FAQ – Article 17 Family Foundation

Source: https://mof.gov.ae/corporate-tax-faq/

  1. What is a “Family Foundation”?

A Family Foundation (as defined in the UAE Corporate Tax Law) is a foundation, trust or similar entity used to protect and manage the assets and wealth of an individual or family.

The principal activity of a Family Foundation would generally be to receive, hold, invest, disburse, or otherwise manage funds and assets associated with savings or investment for the interest of individual beneficiaries or to achieve a charitable purpose. Such activities would typically not constitute a “business” or “business activity” for UAE CT purposes if they were undertaken directly by the founder, beneficiary or any other individual.

  1. Are Family Foundations subject to UAE CT?
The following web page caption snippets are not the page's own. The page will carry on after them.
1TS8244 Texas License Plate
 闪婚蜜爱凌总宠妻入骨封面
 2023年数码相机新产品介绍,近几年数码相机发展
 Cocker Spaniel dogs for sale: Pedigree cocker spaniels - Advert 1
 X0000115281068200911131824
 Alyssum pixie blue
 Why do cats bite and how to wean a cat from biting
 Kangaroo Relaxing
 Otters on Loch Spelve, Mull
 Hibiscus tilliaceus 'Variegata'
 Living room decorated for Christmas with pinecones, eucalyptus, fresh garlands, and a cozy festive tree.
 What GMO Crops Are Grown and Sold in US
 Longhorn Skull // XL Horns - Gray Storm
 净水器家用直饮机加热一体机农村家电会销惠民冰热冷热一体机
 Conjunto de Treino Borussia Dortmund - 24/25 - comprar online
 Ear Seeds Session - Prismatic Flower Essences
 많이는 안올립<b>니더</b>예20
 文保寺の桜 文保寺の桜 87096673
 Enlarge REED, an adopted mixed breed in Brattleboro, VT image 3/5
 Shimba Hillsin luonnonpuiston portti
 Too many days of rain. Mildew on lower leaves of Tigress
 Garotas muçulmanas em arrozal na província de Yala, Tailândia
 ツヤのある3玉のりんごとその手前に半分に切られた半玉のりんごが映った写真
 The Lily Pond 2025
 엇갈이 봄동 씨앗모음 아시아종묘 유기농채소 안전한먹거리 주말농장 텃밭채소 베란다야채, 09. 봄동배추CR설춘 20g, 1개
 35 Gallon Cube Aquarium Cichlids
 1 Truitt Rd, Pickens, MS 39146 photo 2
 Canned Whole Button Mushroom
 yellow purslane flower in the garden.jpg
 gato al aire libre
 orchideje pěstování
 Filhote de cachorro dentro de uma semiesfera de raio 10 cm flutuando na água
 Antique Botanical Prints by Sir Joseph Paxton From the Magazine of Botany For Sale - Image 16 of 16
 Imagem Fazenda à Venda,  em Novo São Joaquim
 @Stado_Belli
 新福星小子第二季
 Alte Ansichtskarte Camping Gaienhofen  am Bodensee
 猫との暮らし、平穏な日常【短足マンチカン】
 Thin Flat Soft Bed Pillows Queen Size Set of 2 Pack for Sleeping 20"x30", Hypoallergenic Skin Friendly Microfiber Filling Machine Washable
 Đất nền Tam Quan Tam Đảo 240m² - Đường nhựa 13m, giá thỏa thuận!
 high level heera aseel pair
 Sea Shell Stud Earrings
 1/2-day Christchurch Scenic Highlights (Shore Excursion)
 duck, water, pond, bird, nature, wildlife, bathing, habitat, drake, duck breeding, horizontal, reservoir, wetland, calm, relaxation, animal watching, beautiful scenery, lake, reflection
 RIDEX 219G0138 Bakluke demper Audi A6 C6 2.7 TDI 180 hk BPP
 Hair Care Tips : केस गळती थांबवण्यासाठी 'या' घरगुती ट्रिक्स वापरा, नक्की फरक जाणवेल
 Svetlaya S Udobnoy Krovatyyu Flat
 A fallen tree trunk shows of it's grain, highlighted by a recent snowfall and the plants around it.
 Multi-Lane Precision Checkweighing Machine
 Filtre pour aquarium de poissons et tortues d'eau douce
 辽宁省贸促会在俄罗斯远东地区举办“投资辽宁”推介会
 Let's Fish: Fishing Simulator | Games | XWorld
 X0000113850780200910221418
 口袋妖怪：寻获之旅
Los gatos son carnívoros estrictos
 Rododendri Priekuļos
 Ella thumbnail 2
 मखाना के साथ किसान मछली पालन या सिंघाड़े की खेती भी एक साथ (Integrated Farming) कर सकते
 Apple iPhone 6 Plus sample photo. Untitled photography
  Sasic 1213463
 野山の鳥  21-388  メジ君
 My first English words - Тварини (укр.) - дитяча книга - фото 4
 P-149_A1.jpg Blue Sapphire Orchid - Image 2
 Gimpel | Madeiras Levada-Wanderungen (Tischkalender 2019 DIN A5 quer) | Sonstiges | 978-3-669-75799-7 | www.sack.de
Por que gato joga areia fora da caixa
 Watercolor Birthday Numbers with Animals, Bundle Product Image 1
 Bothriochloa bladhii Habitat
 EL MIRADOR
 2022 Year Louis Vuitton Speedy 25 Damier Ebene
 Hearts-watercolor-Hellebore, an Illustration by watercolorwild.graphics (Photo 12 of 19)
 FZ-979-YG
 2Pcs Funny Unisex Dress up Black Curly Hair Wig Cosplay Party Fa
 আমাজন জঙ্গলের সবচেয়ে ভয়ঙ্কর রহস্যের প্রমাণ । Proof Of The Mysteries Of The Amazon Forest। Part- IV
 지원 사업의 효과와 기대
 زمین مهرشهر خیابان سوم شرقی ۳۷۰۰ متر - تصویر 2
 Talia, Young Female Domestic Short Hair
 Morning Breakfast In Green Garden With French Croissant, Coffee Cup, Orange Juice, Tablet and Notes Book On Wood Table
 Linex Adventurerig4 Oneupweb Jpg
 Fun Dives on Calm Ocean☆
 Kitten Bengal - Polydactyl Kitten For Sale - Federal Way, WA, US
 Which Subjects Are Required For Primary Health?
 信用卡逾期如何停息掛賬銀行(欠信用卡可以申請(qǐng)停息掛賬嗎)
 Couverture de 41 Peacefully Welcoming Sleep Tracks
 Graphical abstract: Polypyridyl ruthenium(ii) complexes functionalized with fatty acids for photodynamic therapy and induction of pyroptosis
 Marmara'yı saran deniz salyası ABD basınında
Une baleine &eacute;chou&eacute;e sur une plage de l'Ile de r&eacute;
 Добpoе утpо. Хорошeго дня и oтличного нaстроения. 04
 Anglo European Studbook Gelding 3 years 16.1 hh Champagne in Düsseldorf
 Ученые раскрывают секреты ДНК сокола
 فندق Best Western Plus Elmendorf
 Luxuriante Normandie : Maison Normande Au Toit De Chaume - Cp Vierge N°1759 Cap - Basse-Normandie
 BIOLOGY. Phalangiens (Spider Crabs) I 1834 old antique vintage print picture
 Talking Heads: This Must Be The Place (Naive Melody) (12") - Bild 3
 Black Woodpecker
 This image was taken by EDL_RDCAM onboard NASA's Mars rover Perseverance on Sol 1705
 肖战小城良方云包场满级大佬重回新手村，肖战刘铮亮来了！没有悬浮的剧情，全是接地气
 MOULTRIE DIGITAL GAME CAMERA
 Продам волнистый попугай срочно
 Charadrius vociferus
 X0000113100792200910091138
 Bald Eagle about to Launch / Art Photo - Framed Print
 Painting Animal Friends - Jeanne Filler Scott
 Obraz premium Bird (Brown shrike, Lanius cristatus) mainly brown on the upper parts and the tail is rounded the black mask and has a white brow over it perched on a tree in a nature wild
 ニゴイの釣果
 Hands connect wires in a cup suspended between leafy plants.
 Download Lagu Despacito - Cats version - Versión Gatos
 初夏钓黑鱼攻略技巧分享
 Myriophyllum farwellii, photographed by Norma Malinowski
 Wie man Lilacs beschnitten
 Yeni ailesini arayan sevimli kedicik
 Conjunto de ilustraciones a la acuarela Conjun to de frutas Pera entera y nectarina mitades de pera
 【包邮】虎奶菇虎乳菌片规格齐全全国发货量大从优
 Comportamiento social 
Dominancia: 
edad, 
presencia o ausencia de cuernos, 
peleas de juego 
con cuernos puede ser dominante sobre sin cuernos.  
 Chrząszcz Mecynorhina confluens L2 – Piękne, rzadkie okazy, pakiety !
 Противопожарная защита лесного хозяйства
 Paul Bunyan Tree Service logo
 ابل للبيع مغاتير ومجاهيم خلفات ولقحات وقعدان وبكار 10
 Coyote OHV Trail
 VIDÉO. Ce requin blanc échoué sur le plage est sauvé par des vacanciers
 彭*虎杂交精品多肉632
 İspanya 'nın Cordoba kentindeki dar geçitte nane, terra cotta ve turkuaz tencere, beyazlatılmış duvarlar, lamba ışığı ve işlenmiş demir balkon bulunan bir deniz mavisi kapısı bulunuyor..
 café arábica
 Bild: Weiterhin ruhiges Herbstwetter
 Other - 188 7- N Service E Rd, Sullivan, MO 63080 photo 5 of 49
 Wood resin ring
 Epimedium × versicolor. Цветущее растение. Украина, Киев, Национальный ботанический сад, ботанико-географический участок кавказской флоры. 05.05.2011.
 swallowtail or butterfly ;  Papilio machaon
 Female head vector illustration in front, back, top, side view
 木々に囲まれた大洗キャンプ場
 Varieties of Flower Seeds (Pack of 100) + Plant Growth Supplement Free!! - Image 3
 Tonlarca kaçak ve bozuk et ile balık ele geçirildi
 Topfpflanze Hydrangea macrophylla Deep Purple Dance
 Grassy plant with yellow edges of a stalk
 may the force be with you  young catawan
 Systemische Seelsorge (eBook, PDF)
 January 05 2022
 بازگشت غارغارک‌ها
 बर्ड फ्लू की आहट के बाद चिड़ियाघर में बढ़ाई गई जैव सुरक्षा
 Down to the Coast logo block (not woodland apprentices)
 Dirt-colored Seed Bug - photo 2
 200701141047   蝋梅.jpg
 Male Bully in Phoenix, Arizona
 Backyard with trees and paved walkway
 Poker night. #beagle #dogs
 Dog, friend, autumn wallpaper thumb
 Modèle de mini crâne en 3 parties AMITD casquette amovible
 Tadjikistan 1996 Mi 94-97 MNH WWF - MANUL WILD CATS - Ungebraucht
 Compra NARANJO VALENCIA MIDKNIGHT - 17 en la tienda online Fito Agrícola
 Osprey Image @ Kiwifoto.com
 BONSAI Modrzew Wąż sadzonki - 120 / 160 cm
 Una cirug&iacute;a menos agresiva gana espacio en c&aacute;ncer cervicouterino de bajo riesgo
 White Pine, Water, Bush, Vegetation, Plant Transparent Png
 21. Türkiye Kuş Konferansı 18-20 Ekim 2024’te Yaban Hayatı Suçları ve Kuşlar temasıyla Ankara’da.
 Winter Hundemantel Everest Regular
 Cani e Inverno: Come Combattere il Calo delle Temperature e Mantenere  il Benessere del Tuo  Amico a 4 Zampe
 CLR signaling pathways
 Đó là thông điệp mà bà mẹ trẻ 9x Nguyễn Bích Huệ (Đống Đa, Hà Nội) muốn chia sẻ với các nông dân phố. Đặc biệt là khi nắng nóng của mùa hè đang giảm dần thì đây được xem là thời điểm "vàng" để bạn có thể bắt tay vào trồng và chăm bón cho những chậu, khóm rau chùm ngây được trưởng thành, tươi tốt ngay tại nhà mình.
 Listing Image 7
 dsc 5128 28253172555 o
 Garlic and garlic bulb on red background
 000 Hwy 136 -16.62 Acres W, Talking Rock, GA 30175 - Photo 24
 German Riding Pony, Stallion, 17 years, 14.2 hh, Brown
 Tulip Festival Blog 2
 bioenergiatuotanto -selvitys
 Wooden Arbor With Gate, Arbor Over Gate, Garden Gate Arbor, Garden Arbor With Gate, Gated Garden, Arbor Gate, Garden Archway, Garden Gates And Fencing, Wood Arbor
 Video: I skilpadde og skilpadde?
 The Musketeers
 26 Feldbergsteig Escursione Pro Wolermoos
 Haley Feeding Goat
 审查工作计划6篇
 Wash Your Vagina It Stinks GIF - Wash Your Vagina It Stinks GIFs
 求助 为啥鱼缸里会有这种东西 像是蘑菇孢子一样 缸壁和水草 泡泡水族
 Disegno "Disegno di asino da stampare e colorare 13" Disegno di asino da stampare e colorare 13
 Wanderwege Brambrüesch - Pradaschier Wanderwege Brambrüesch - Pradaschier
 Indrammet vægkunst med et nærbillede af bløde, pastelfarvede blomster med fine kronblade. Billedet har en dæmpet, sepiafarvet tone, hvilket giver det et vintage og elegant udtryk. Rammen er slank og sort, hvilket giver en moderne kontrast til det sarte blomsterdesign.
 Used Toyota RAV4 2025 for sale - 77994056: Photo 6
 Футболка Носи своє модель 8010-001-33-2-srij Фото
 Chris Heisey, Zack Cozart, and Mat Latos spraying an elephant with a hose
Foundations and certain types of trusts are independent juridical persons with separate legal personality, and would therefore prima facie be subject to UAE CT in their own right. However, these types of Family Foundations can apply to be treated as transparent “Unincorporated Partnerships” for UAE CT purposes, resulting in the founder/settlor and the beneficiaries of the trust to remain to be seen as owners of the assets held by the trust. This would generally prevent the income of the foundation or trust from attracting UAE CT.

Other types of trusts (for example, trusts established in DIFC or ADGM) are a contractual relationship between two or more persons (e.g., the beneficiary, settlor, and trustee) and do not have separate legal personality. These types of trusts will by default be treated as transparent vehicles for UAE CT purposes.